++++ Supplied information ++++
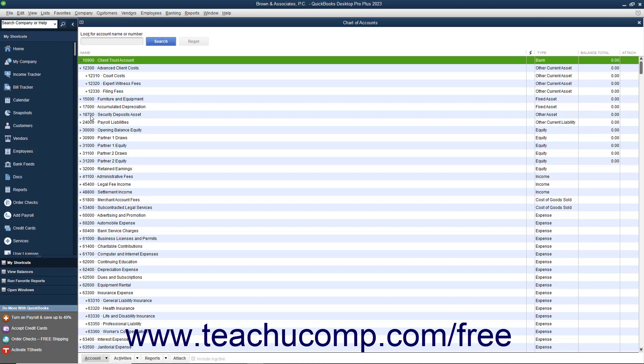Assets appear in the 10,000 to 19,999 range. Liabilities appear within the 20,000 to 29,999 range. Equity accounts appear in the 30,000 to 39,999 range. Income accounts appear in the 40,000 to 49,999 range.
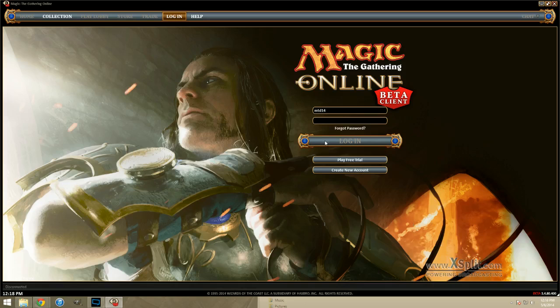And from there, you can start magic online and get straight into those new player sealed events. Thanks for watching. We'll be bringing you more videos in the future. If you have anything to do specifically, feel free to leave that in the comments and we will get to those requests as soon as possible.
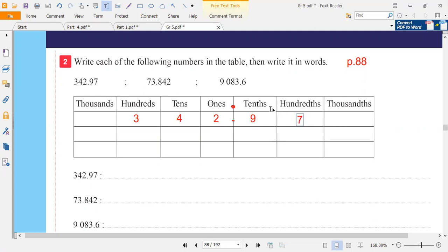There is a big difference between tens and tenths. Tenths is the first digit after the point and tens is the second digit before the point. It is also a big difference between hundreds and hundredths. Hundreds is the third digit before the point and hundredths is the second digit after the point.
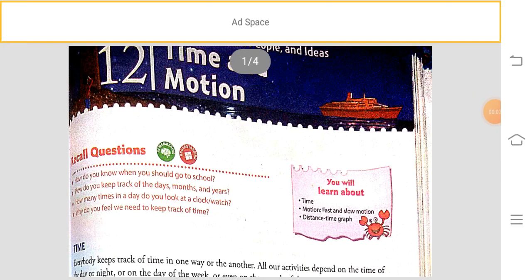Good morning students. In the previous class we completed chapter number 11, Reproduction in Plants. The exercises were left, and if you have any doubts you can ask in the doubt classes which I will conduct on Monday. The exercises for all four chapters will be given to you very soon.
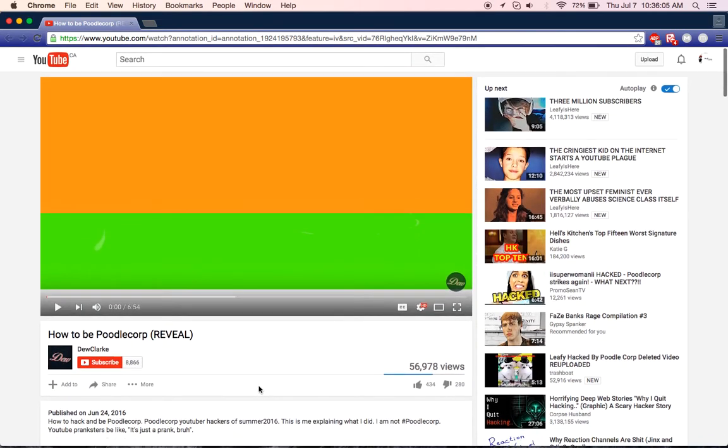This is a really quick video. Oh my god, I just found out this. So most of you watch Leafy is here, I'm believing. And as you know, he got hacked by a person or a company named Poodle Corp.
++++
++++ Supplied information ++++
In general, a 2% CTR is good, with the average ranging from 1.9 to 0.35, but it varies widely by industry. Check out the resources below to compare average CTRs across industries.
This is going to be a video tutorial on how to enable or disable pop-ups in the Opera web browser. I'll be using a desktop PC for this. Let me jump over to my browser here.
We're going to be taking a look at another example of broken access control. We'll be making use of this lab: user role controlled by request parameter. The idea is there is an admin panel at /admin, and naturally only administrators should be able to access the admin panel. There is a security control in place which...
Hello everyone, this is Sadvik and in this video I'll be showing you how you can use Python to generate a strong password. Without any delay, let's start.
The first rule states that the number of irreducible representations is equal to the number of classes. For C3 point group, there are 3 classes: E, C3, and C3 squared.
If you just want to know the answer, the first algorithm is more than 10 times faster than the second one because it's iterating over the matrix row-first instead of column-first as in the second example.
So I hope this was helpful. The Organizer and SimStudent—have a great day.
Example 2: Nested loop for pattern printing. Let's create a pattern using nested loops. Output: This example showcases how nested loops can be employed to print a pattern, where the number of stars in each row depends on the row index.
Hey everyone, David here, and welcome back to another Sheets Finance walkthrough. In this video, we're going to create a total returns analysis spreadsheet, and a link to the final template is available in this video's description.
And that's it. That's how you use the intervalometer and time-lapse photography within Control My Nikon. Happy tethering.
++++
• _Directions for this task_: In the listing above, locate the line containing "Hello everyone, this" and the line containing "The first rule". Transcribe those two lines and everything between them, exactly as written.

• _Expected output_:
Hello everyone, this is Sadvik and in this video I'll be showing you how you can use Python to generate a strong password. Without any delay, let's start.
The first rule states that the number of irreducible representations is equal to the number of classes. For C3 point group, there are 3 classes: E, C3, and C3 squared.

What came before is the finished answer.